» **YOUR ASSIGNMENT**: Retype the listing found below exactly, but leave out each picture.

» **DATA EXCERPT**:
Start of Block

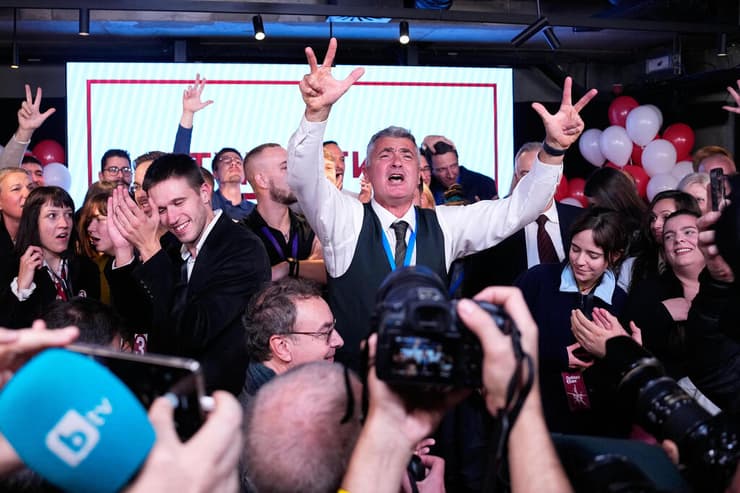 איליה סרדנוביץ' מנהיג מפלגת רשימת הסטודנטים שניצחה ב בחירות ב סרביה חוגג במטה ב בלגרד
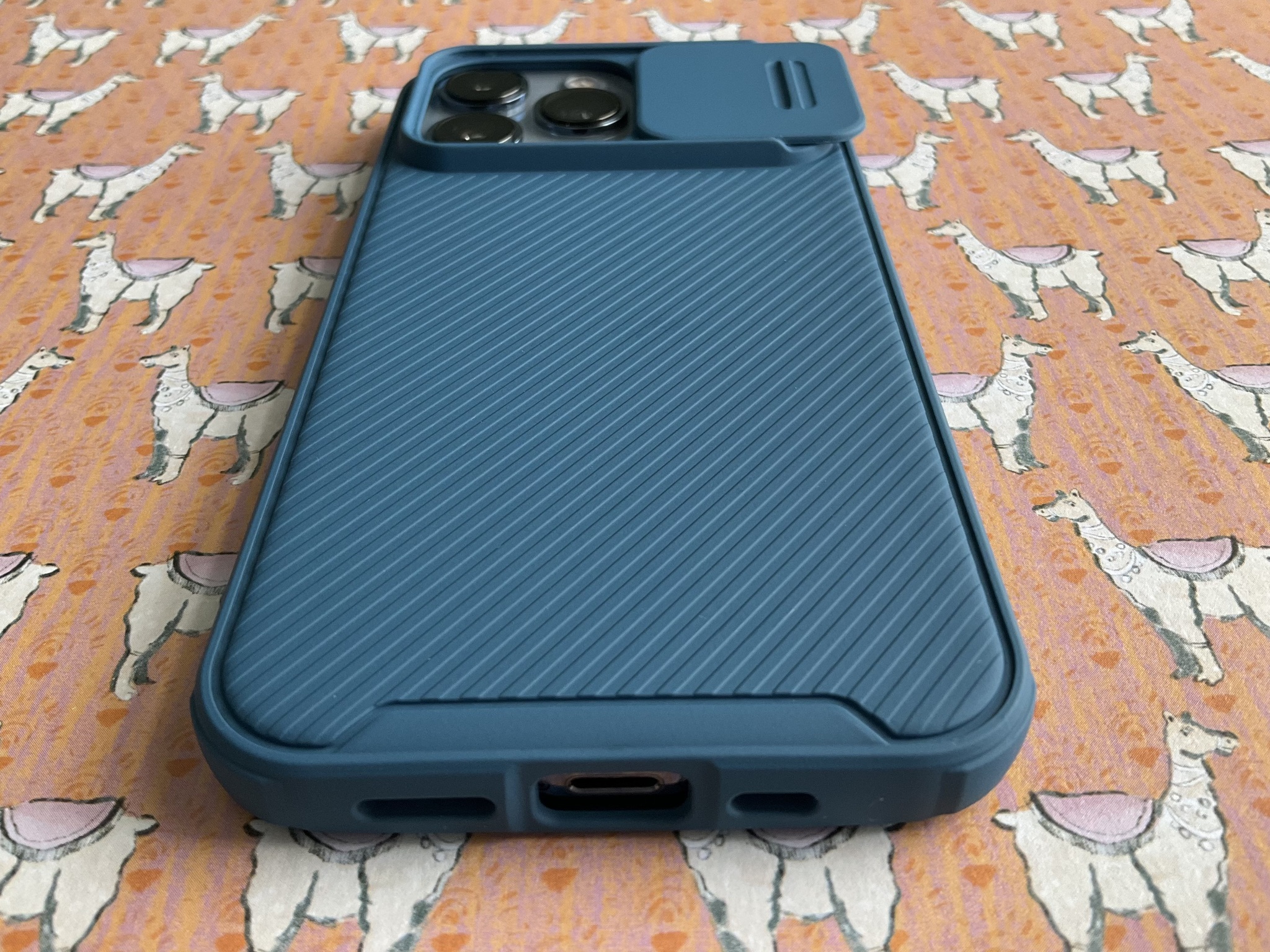 Nillkin Camshield Pro Iphone Case Lifestyle Bottom View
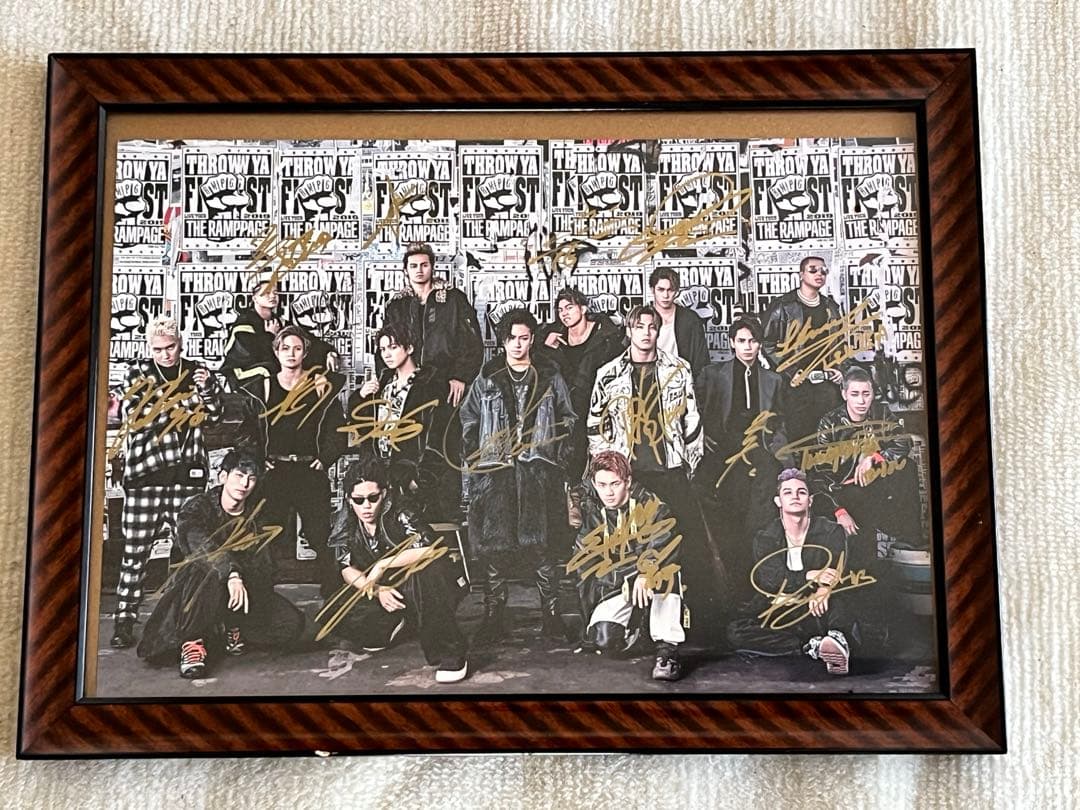 【特別価格！】THE RAMPAGE 直筆サイン入り THROW YA FIST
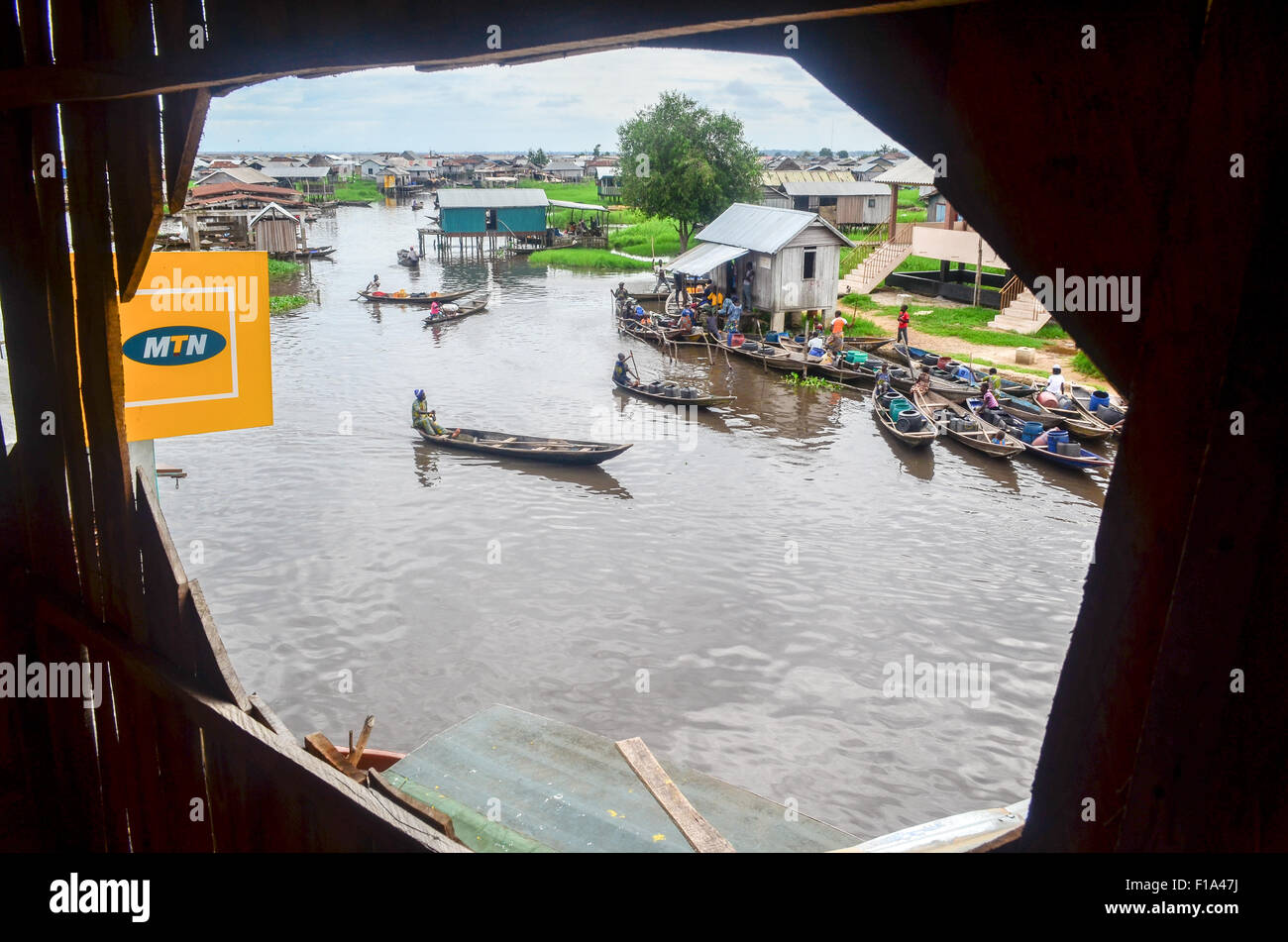 MTN segno mercato galleggiante in Ganvié, 'Venezia d'Africa", villaggio di palafitte sul lago vicino a Cotonou in Benin Foto Stock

End of Block

» **RESPONSE FOR THIS EXERCISE**:
 איליה סרדנוביץ' מנהיג מפלגת רשימת הסטודנטים שניצחה ב בחירות ב סרביה חוגג במטה ב בלגרד
 Nillkin Camshield Pro Iphone Case Lifestyle Bottom View
 【特別価格！】THE RAMPAGE 直筆サイン入り THROW YA FIST
 MTN segno mercato galleggiante in Ganvié, 'Venezia d'Africa", villaggio di palafitte sul lago vicino a Cotonou in Benin Foto Stock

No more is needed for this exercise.